Enfin, il faut préciser que la conjonction des termes « démocratique » et « révolutionnaire » correspond à la velléité des membres de faire exister une position originale dans le champ politique français de l’époque : celui du refus de prendre position en faveur de l’un ou l’autre des blocs qui s’affrontent. La création du RDR peut être comprise comme une tentative de résister à la dynamique de guerre froide qui est aussi une injonction au positionnement et que les membres refusent, en revendiquant une forme de neutralité qui soit à la fois démocratique et révolutionnaire.
CT : Comment es-tu « tombé » pour la première fois sur l’existence du RDR ? Qu’est-ce qui t’a « attiré » dans cette formation, au point de te pousser à en faire un objet d’étude ?

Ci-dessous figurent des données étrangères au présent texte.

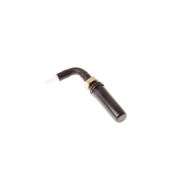 'washer JET Assy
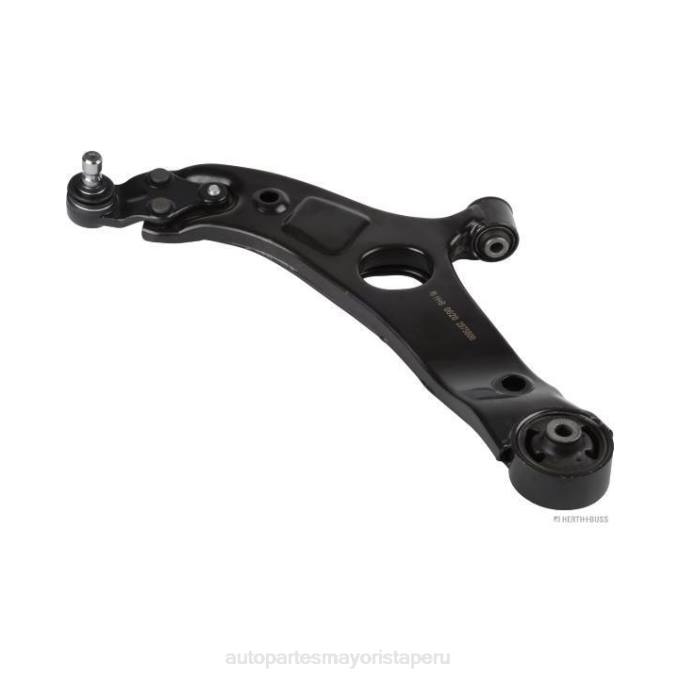 Repuestos Para Motos Peru Buje de arrastre del brazo de control 54500-3s200 2V4B1320 HYUNDAI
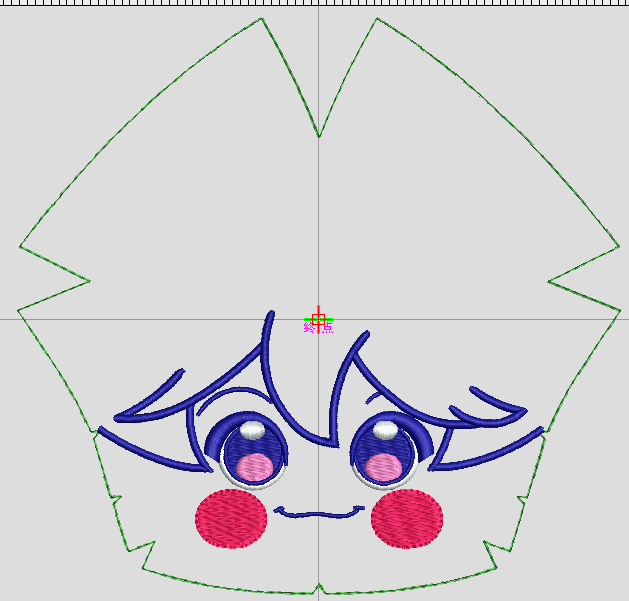 Process 2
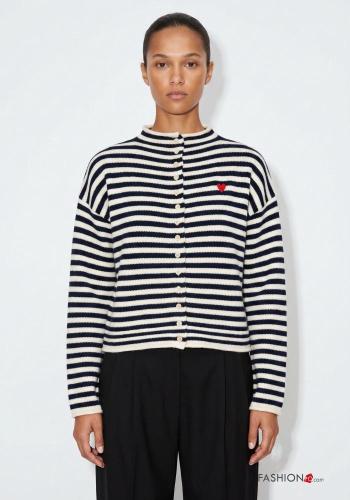 Maglione Casual - ph 1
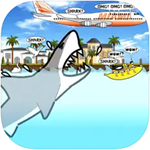 迈阿密鲨鱼手机版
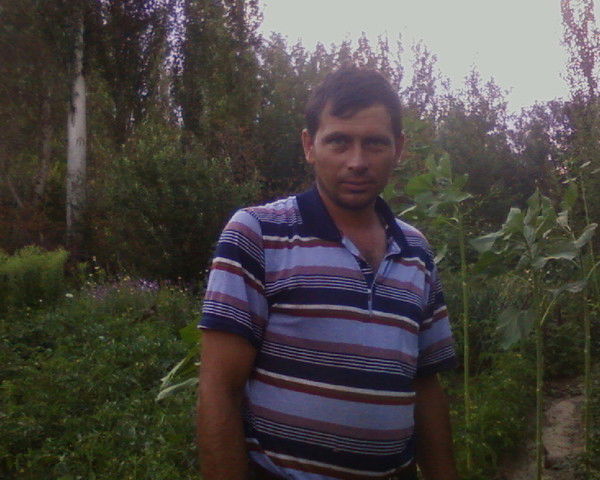 Анатолий Перепёлкин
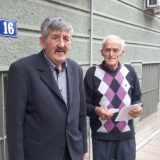 Poslednja nada za oduzeta prava 1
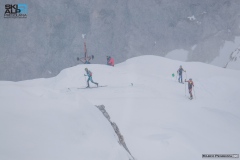 SkiAlp3-2022-Watermark-377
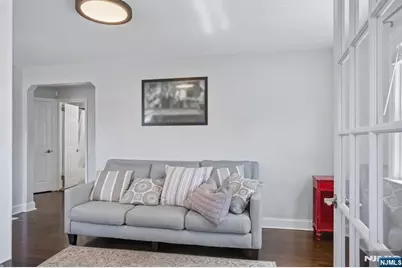 54 Allan Drive, North Arlington, NJ 07031 - Photo 15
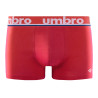 Lot de 5 Boxers coton homme Class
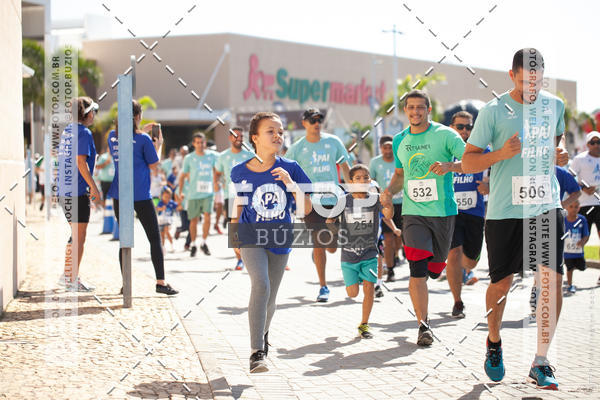 Buy your photos of the eventTAL PAI, TAL FILHO on Fotop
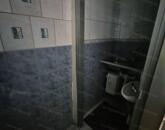 ELADÓ üzlethelyiség a KONZUM emeletén!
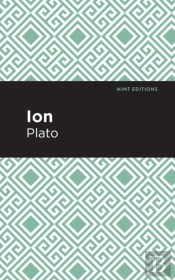 Ion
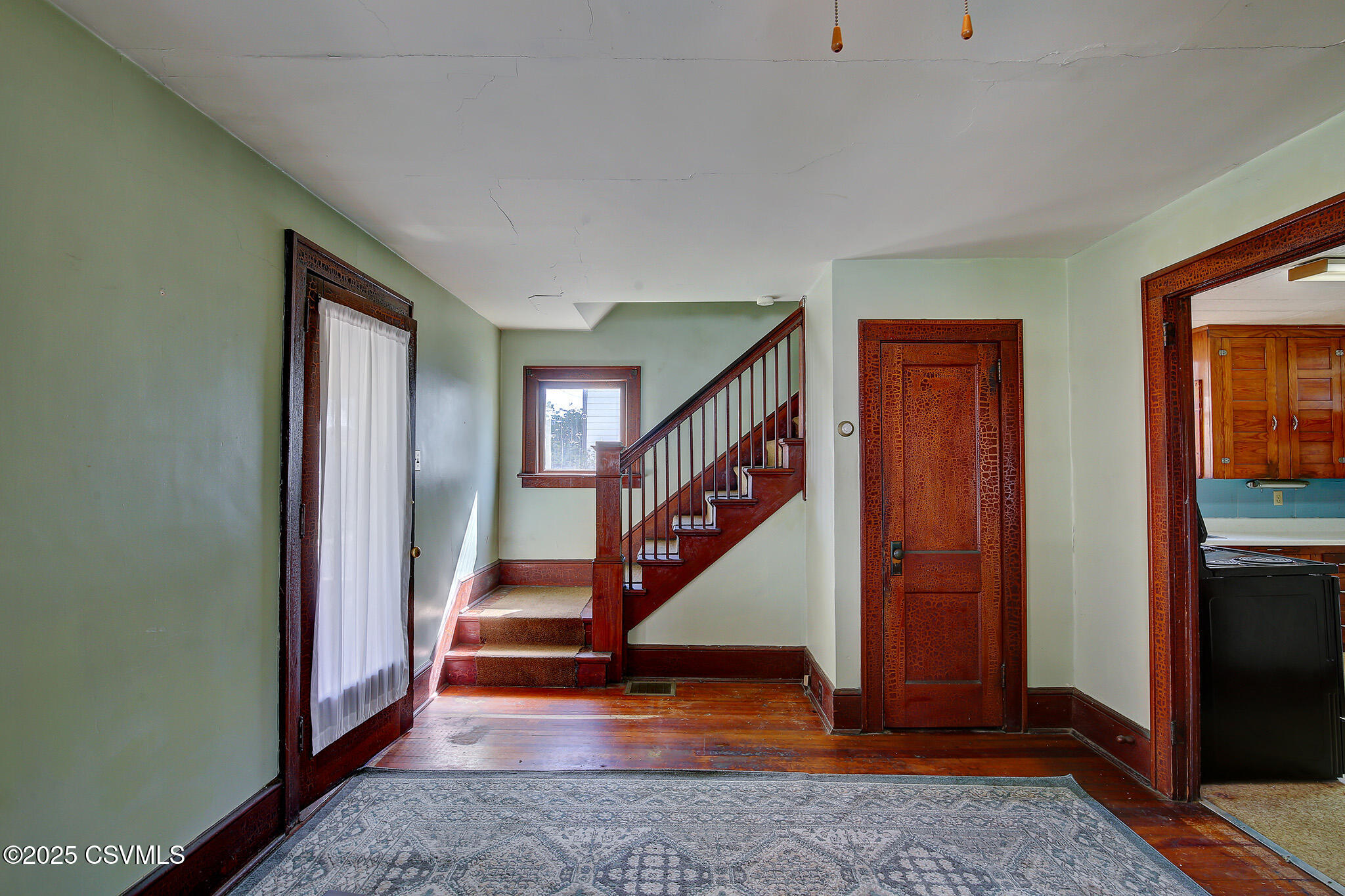 Bloomsburg, Pennsylvania 17815, United States, 3 Bedrooms Bedrooms, ,2 BathroomsBathrooms,Residential,Active,224066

BA : Comme souvent, c’est un concours de circonstances, de natures différentes, qui m’a amené à travailler sur le RDR. C’est d’abord à Bernard Pudal, qui est devenu ensuite mon directeur de thèse, que je dois la première évocation du RDR. Dans un séminaire de Master qu’il donnait à Nanterre, « Les intellectuels et la politique », il avait évoqué le fait que Sartre ait tenté de constituer un parti. Quelque temps plus tard, Didier Eribon était venu présenter au séminaire général du Groupe d’Analyse Politique, l’ancien laboratoire de science politique de l’Université de Nanterre, son ouvrage D’une révolution conservatrice et de ses effets sur la gauche française. Il y est rapidement question du RDR comme tentative d’engagement concret de la part de Simone de Beauvoir et Jean-Paul Sartre. J’avais donc une vague connaissance de l’existence de ce groupe politique, mais je n’y avais pas porté une attention particulière.

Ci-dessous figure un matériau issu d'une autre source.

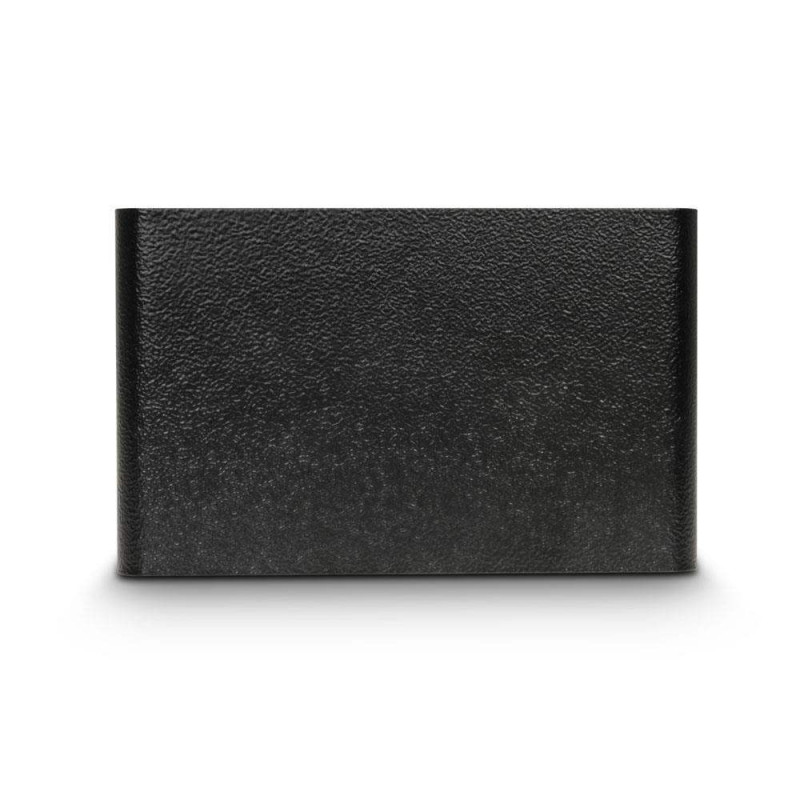 Compra Eins online | MusicSales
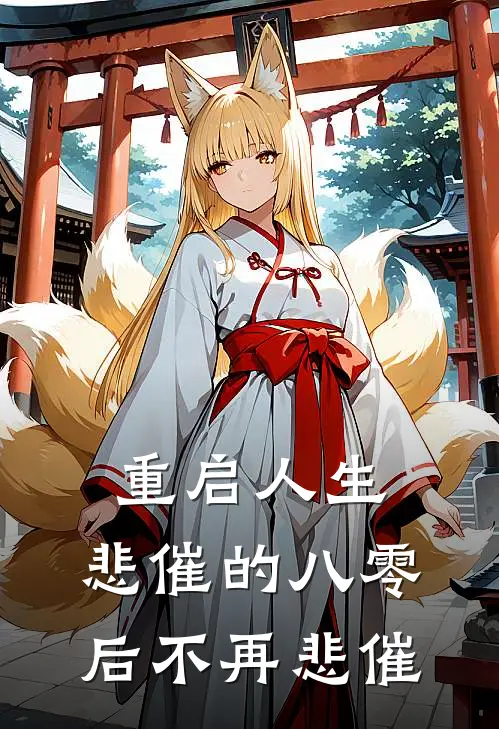 李维陈浩《重启人生：悲催的八零后不再悲催》全本免费在线阅读_(李维陈浩)最新章节在线阅读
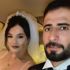Evleneli bir hafta olmadan çıkan kavgada 29 yaşındaki adam öldü eşi 'Kendisini bıçakladı' dedi Evleneli bir hafta olmadan çıkan kavgada 29 yaşındaki adam öldü eşi 'Kendisini bıçakladı' dedi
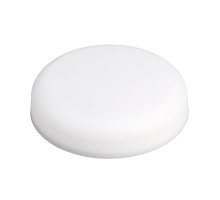 Потолочный светильник LEDtrec LT309-93 LED4U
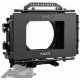 Компендиум Tilta MB-T06 6x6 - Изображение 134207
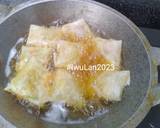 Cara Membuat Martabak Kentang Kulit Lumpia 4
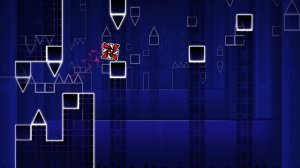 Прохождение Every End.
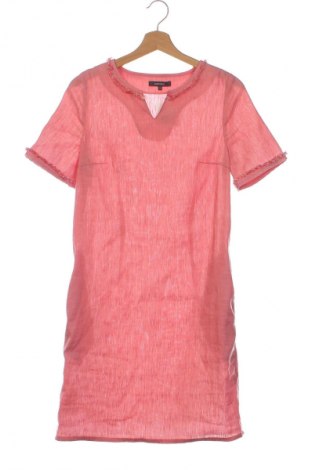 Kleid Montego, Größe XS, Farbe Rosa, Preis € 9,49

Dans un second temps, c’est une stratégie étudiante qui m’a conduit à me pencher plus précisément sur le Rassemblement. Un camarade m’avait conseillé de rechercher les derniers fonds arrivés à la BDIC (Bibliothèque de documentation internationale contemporaine, aujourd’hui La Contemporaine, située sur le campus de Nanterre) et de me pencher sur l’un d’eux pour effectuer mon mémoire de Master 2. Je pensais ainsi me garantir une certaine originalité dans l’objet, me former au travail d’archives en participant à inventorier un nouveau fonds, et pouvoir rédiger un mémoire efficacement. Or, précisément à cette époque, le fonds David Rousset est arrivé à la BDIC et je me suis donc lancé dans une recherche sur le RDR. Repenser à cette stratégie me fait d’autant plus sourire aujourd’hui que le RDR est presque absent du fonds Rousset pour des raisons que je tente d’expliquer dans ma thèse et qui tiennent à la production des archives et la reconstruction a posteriori de la cohérence de sa trajectoire intellectuelle. Mais on y trouve par exemple tous les exemplaires du journal La Gauche, publié par le RDR, que j’ai pu consulter sur autorisation et qui sont aujourd’hui disponibles sur le portail Gallica.
CT : Cette quête des sources a-t-elle posé une difficulté particulière ? Quelles ont été tes impressions en consultant les archives pour la première fois ?
BA : Mes premières impressions ont été que j’avais bien mal choisi mon objet et qu’il me faudrait peut-être renoncer ! Franchement, la quête des sources a été très longue et fastidieuse et j’ai plusieurs fois cru que je ne parviendrai pas à accéder à des informations importantes. En fait, il n’existe pas d’archives du RDR en tant que tel, ce qui en dit long sur le degré d’institutionnalisation du collectif, et sur la capacité ou l’intérêt de ses membres à en conserver la mémoire.
J’ai donc constitué des sources archivistiques à partir de différents espaces. D’abord aux Archives nationales avec des fonds comme ceux de l’historien et militant Jean Risacher, de membres du RDR comme Paul Fraisse ou des journaux Combat et Franc-Tireur. Ensuite à la préfecture de police pour les dossiers collectifs et individuels constitués par les Renseignements généraux et leurs versions locales dans différentes archives départementales. Ou encore, comme je l’ai évoqué, à la Contemporaine pour le fonds David Rousset. Enfin, j’ai aussi exploré des espaces d’archives du mouvement social pour rassembler peu à peu les traces de ce Rassemblement (ainsi le Cedias-Musée Social et l’Office Université de recherche Socialiste). Finalement j’ai récupéré, au bout de trois longues années de recherches, un fichier d’adhérentes constitué par Jean Risacher dans le cadre de son travail pour le Maitron.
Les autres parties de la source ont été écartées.